## Task objective
Images do not belong in the copy. Retype the entries exactly.
--------------------
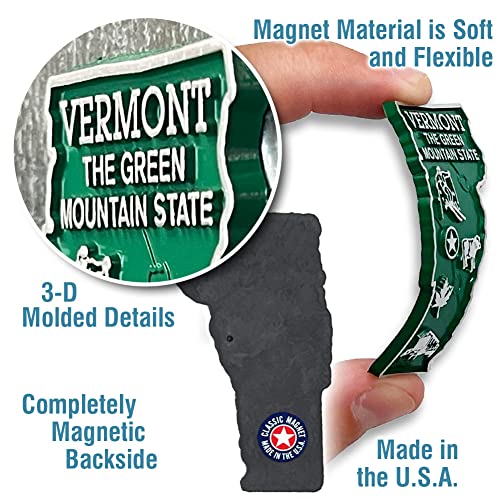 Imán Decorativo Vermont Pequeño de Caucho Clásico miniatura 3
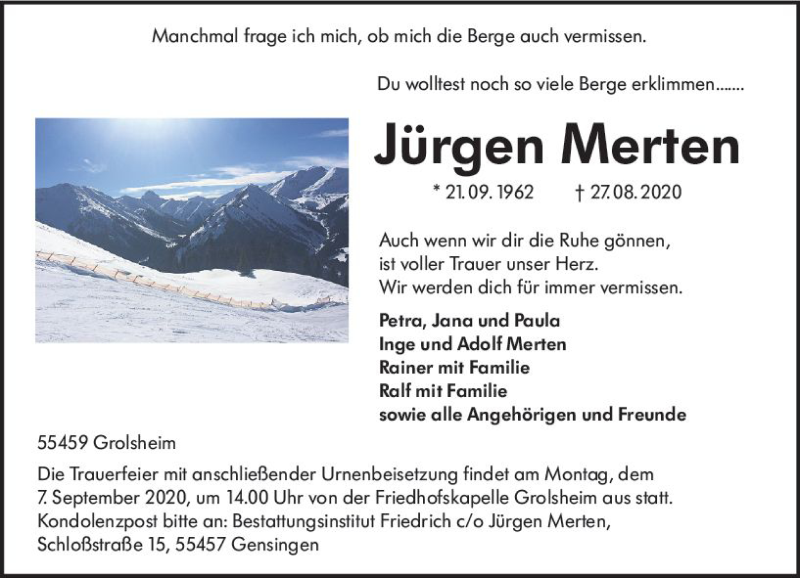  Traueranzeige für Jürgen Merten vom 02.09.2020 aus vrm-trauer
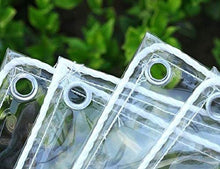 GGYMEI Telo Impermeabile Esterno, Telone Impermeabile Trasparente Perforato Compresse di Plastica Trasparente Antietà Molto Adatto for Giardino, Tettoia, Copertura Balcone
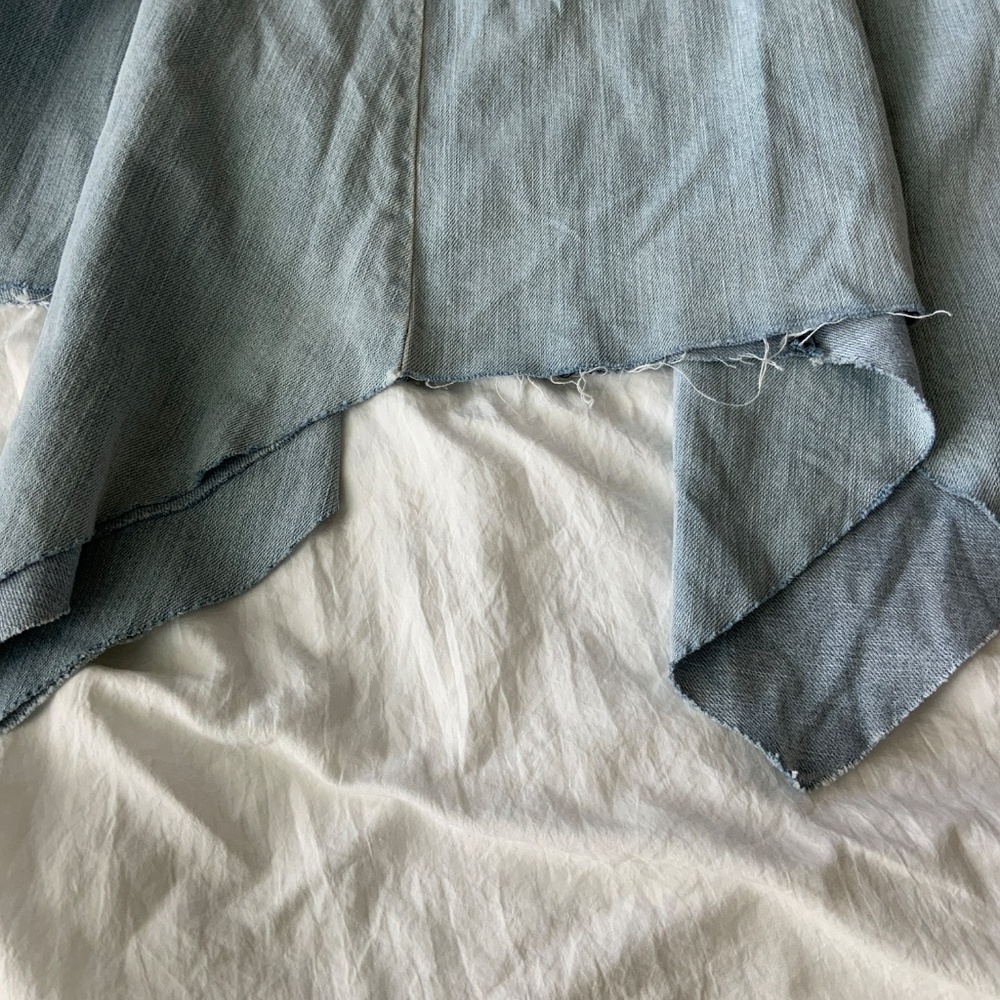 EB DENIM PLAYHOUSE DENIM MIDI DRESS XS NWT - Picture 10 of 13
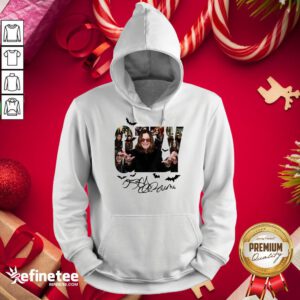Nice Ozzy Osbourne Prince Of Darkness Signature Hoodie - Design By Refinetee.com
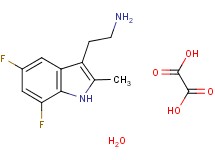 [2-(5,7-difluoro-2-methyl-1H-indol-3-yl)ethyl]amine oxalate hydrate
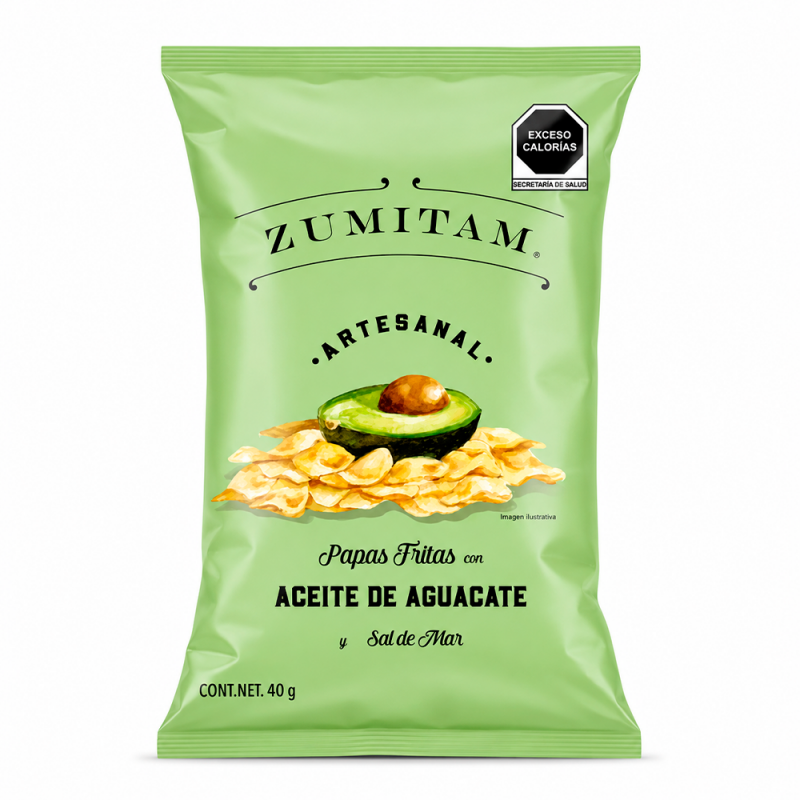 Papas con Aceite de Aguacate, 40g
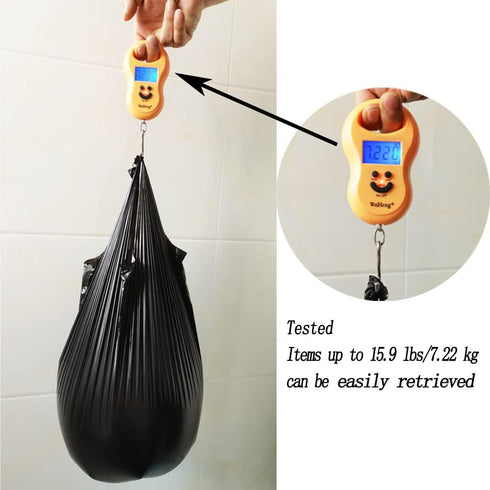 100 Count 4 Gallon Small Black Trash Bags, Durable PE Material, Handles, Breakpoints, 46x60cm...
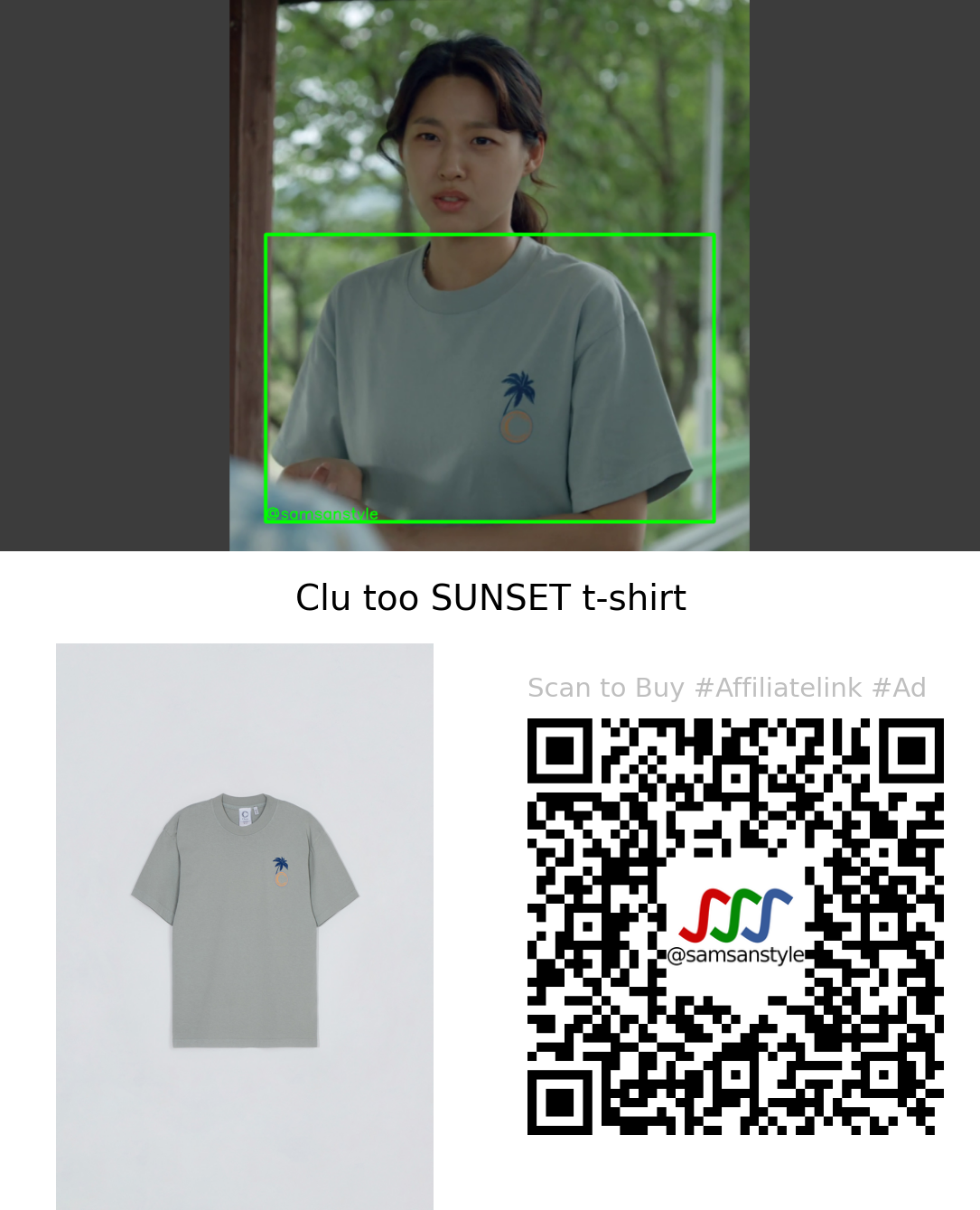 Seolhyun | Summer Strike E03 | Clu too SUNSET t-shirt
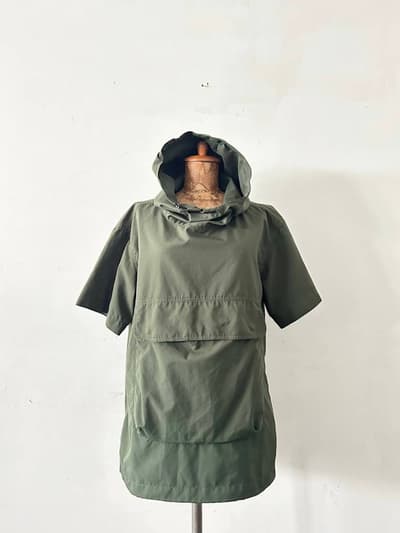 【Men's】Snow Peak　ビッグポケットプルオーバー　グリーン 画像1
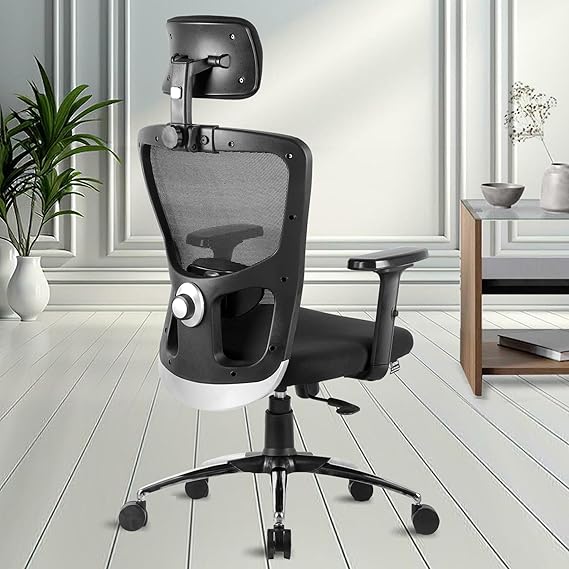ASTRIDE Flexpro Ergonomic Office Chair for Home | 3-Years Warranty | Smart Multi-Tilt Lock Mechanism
--------------------
## Solution to the problem
 Imán Decorativo Vermont Pequeño de Caucho Clásico miniatura 3
  Traueranzeige für Jürgen Merten vom 02.09.2020 aus vrm-trauer
 GGYMEI Telo Impermeabile Esterno, Telone Impermeabile Trasparente Perforato Compresse di Plastica Trasparente Antietà Molto Adatto for Giardino, Tettoia, Copertura Balcone
 EB DENIM PLAYHOUSE DENIM MIDI DRESS XS NWT - Picture 10 of 13
Nice Ozzy Osbourne Prince Of Darkness Signature Hoodie - Design By Refinetee.com
 [2-(5,7-difluoro-2-methyl-1H-indol-3-yl)ethyl]amine oxalate hydrate
 Papas con Aceite de Aguacate, 40g
 100 Count 4 Gallon Small Black Trash Bags, Durable PE Material, Handles, Breakpoints, 46x60cm...
 Seolhyun | Summer Strike E03 | Clu too SUNSET t-shirt
 【Men's】Snow Peak　ビッグポケットプルオーバー　グリーン 画像1
ASTRIDE Flexpro Ergonomic Office Chair for Home | 3-Years Warranty | Smart Multi-Tilt Lock Mechanism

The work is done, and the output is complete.